Why I wasn’t at St James’ on Saturday

Growing up in Newcastle in the sixties and seventies there were only two topics of conversation in our house – politics and football. My Mum was as committed to Newcastle United as she was to Labour and she passed that on, my brother even played with Paul Gascoigne for Newcastle Youth team .

One I'm proud to wear

One I’m proud to wear

My mother was a strong woman, she had to be, bringing up three children on her own on a North Kenton council estate. Not much scared her. But I shall never forget the look of fear in her eyes when she talked about debt. When she was ill she would worry that we would not be able to pay for her funeral . I would say that if she left us we’d have a lot more to worry about than a few hundred quid of debt. But she would shake her head.  She had grown up in Newcastle in the thirties, during the depression. She had seen what debt could do to hard working families thrown on difficult times.

So when Newcastle United announced that the pay day loan company Wonga would be sponsoring I was horrified. Newcastle has  some of the highest levels of unemployment in the country. Government cuts have hit us particularly hard, changes to welfare are impacting many families and even those in work face falling pay packets as energy and food bills soar.  Across the country, workers earn on average £1,477 less than in 2010. So many are living on the edge, if the washing machine breaks down or a child needs new shoes they have to rely on foodbanks to eat. Only last week I met a man at a drop in centre who had learning difficulties – and the little money he had was going on pay day loans.

Could it really be true that some of the richest men in the city, the ones every kid looks up to, were going to be telling us to get a payday loan?

Wonga’s APR is 5,835. They say that is not a fair measure because their loans never  last a year, it is like comparing apples and pears.  I say that is why we invented the kilo.  APR is a standard that allows us to weigh up all the different ways of borrowing money from payday loans to thirty year mortgages.  Wonga do not like it because it makes clear the undeniable truth, their loans are incredibly expensive.

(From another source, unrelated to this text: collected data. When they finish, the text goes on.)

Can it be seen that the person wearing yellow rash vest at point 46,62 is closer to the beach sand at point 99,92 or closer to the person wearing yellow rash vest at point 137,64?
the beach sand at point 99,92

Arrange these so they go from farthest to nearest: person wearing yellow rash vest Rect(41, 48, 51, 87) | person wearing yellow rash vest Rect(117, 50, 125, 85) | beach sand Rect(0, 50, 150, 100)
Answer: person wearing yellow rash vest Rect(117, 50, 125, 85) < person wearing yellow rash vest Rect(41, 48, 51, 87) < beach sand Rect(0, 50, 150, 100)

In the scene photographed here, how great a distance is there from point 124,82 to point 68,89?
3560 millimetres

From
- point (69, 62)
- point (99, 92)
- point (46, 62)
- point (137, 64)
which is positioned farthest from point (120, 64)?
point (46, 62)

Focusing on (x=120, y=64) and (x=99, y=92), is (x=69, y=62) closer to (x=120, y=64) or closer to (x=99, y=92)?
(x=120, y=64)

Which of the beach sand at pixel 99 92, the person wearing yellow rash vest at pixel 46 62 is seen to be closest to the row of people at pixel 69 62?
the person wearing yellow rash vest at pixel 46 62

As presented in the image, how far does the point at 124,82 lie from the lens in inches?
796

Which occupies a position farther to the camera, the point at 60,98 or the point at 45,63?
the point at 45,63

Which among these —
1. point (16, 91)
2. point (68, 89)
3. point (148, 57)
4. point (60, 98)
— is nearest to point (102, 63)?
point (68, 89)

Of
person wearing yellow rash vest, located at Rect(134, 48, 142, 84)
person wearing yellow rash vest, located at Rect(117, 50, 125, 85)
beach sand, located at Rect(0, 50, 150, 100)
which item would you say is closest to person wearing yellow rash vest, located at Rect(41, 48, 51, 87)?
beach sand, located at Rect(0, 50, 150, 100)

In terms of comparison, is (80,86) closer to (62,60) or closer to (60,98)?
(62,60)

That is how they make the money for clever marketing campaigns on TV, on the internet, on buses and on our favourite football team’s shirt.

Wonga like to present themselves as a technology company. As an engineer who has worked in technology for 23 years I have nothing but contempt for those who use technology to exploit and oppress instead of empowering and enabling.  Why don’t Wonga’s use their technology  to give  savers sky  high interest rates?

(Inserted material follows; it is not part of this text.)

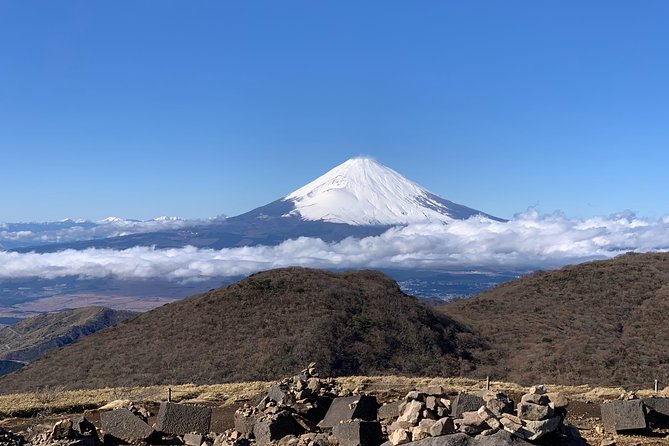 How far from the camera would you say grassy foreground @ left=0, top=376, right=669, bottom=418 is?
16297 mm

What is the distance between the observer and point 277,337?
3203cm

That’s why Wonga aren’t just another Virgin Money or Northern Rock as some say. They don’t offer savings accounts, all they offer is debt, debt and more debt.

They want us to believe that debt is normal. It may be unavoidable at times but it should not be a way of life. The traditional North East values of earning your keep and paying your own way are the ones we want to pass on to the next generation. After the debt fuelled financial crisis got us into this mess in the first place, do we really want payday loans to be Newcastle’s special brand?

On Monday Newcastle Fans United  hosted a debate with Wonga, myself, the club and the Citizens Advice Bureau. It was a good discussion,  Shona Alexander  from CAB explained that debt enquires in Newcastle are up 500%. Wonga said that they are in Newcastle for the long haul, that they want to make a contribution, that they expect to change.

I hope they do, but they have a long, long way to go before I’ll be happy to see that shirt at St James’.